Exercise goal. I would like the lines below, from the one with "JLG 1230 ES - Scissor lift: picture 1 JLG" through the one with "Things to do", copied exactly and without any pictures.

Data extract.
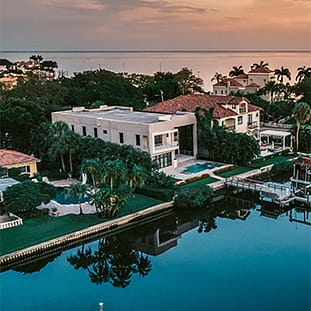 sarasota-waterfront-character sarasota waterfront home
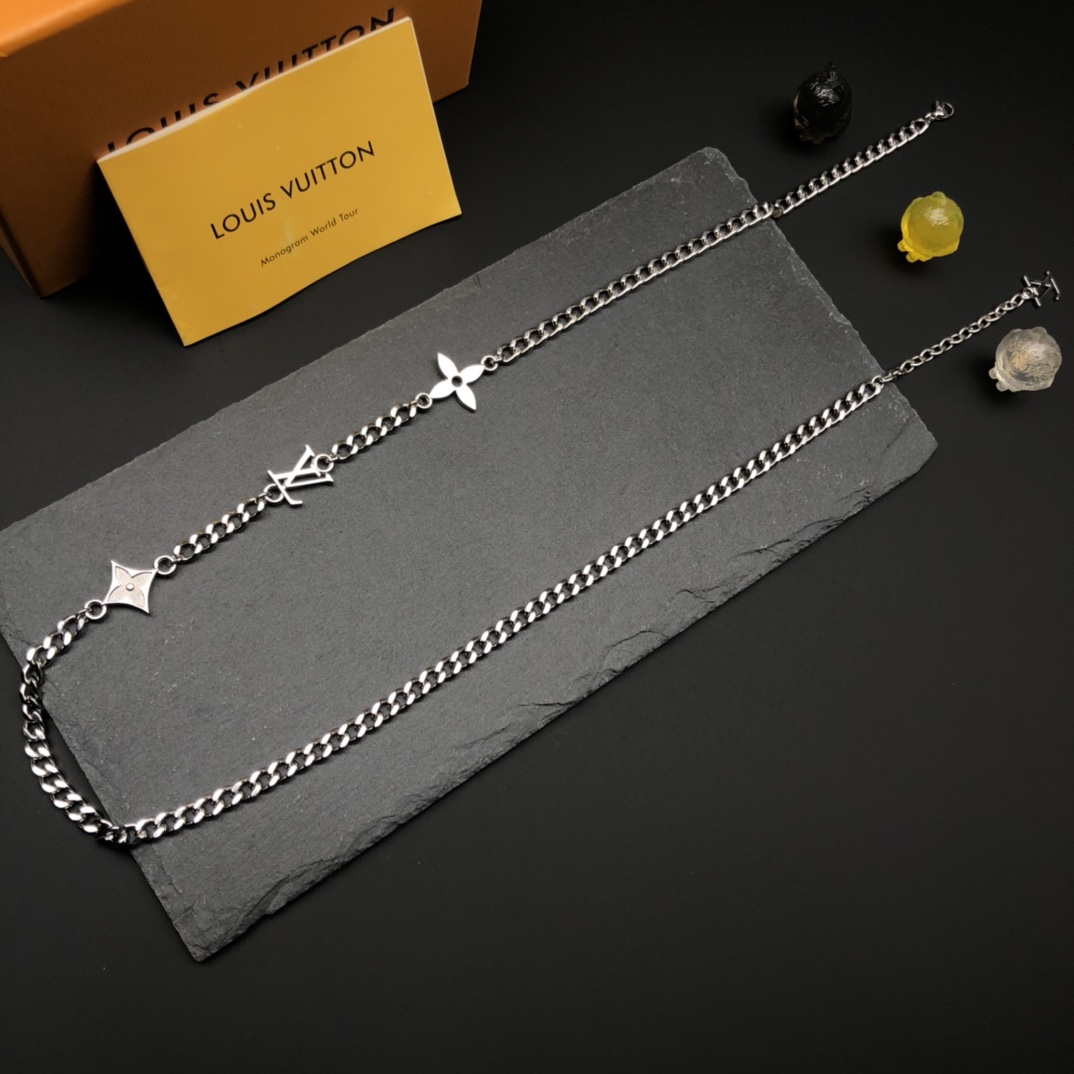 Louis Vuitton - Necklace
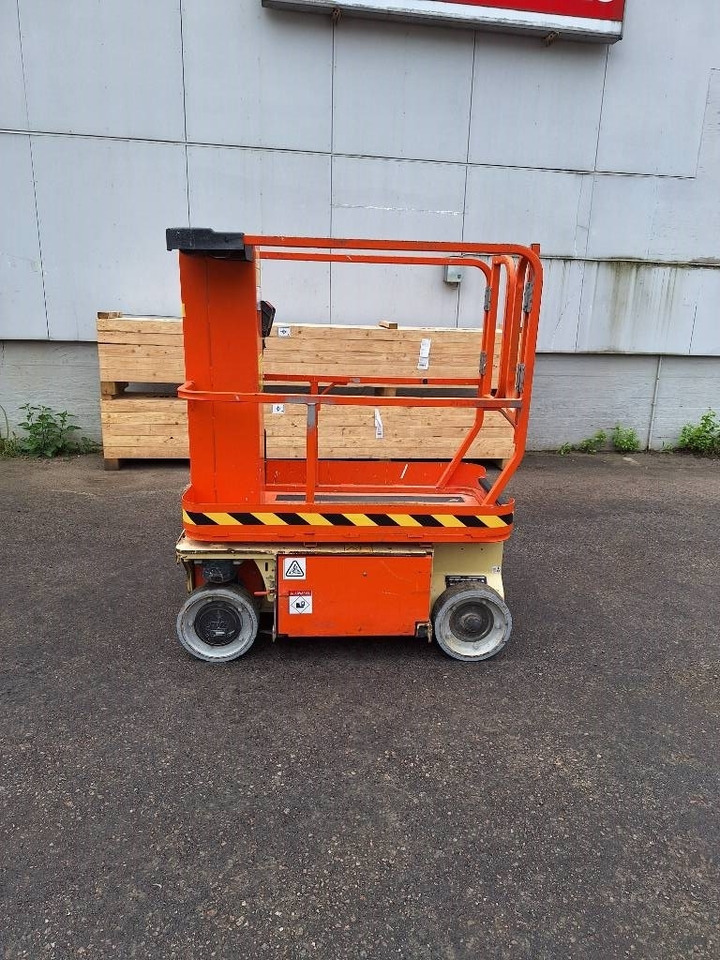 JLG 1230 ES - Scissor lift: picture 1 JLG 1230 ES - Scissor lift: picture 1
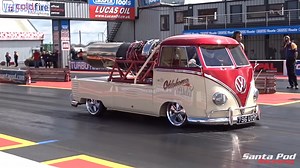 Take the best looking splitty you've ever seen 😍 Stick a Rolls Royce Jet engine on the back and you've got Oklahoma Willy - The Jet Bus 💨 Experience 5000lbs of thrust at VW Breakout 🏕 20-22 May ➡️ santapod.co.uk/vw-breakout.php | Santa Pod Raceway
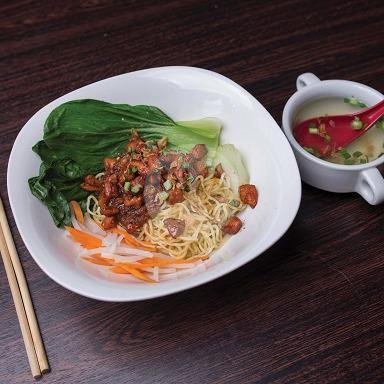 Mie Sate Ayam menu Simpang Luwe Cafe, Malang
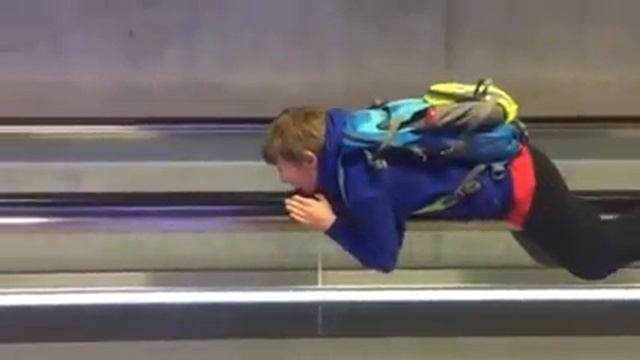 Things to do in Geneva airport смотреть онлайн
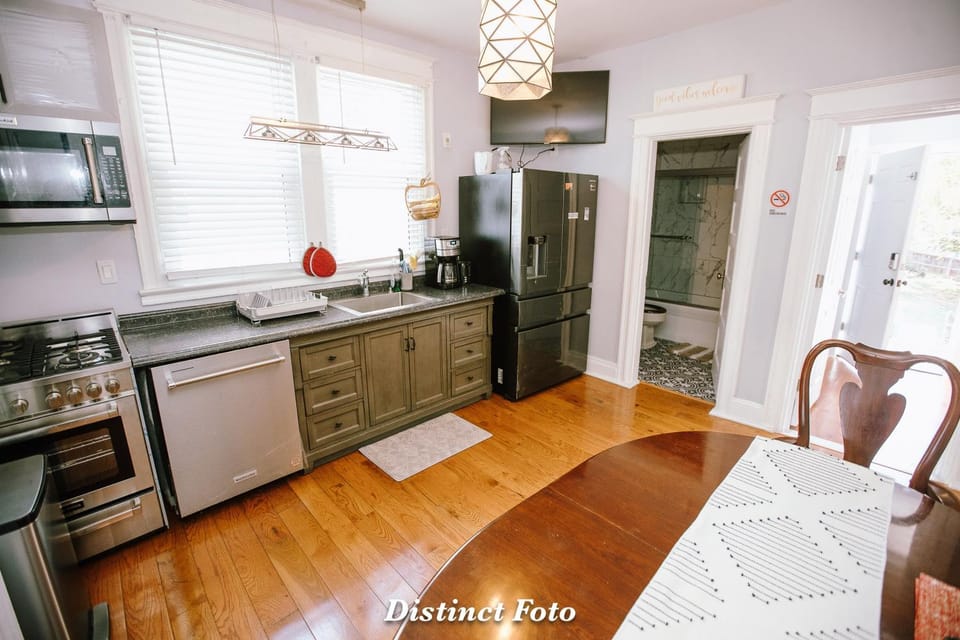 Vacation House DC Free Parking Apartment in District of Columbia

...

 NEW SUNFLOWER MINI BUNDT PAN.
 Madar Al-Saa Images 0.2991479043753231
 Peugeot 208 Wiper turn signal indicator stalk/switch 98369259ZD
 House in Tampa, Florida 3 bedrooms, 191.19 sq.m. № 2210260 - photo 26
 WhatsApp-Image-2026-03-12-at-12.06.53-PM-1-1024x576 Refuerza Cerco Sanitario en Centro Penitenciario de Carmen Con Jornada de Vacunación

Response area.
 JLG 1230 ES - Scissor lift: picture 1 JLG 1230 ES - Scissor lift: picture 1
 Take the best looking splitty you've ever seen 😍 Stick a Rolls Royce Jet engine on the back and you've got Oklahoma Willy - The Jet Bus 💨 Experience 5000lbs of thrust at VW Breakout 🏕 20-22 May ➡️ santapod.co.uk/vw-breakout.php | Santa Pod Raceway
 Mie Sate Ayam menu Simpang Luwe Cafe, Malang
 Things to do in Geneva airport смотреть онлайн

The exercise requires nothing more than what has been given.